Exercise description. For the material that follows, return exactly the lines from the one with "21 Talbot Street" through the one with "賽瑞景觀設(shè)計公司合伙人、董事總經(jīng)理", both ends included.

Supplied data.
┄┄┄┄┄┄┄┄┄┄┄┄┄┄┄┄┄┄┄┄
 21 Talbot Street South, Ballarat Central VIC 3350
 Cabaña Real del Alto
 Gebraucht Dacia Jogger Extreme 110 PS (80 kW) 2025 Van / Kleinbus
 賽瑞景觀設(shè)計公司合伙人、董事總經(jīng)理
┄┄┄┄┄┄┄┄┄┄┄┄┄┄┄┄┄┄┄┄
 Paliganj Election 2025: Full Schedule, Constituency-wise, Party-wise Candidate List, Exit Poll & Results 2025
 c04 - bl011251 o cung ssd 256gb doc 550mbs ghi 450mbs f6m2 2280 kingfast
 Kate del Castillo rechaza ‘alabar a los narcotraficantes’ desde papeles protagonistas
┄┄┄┄┄┄┄┄┄┄┄┄┄┄┄┄┄┄┄┄
Your solution.
 21 Talbot Street South, Ballarat Central VIC 3350
 Cabaña Real del Alto
 Gebraucht Dacia Jogger Extreme 110 PS (80 kW) 2025 Van / Kleinbus
 賽瑞景觀設(shè)計公司合伙人、董事總經(jīng)理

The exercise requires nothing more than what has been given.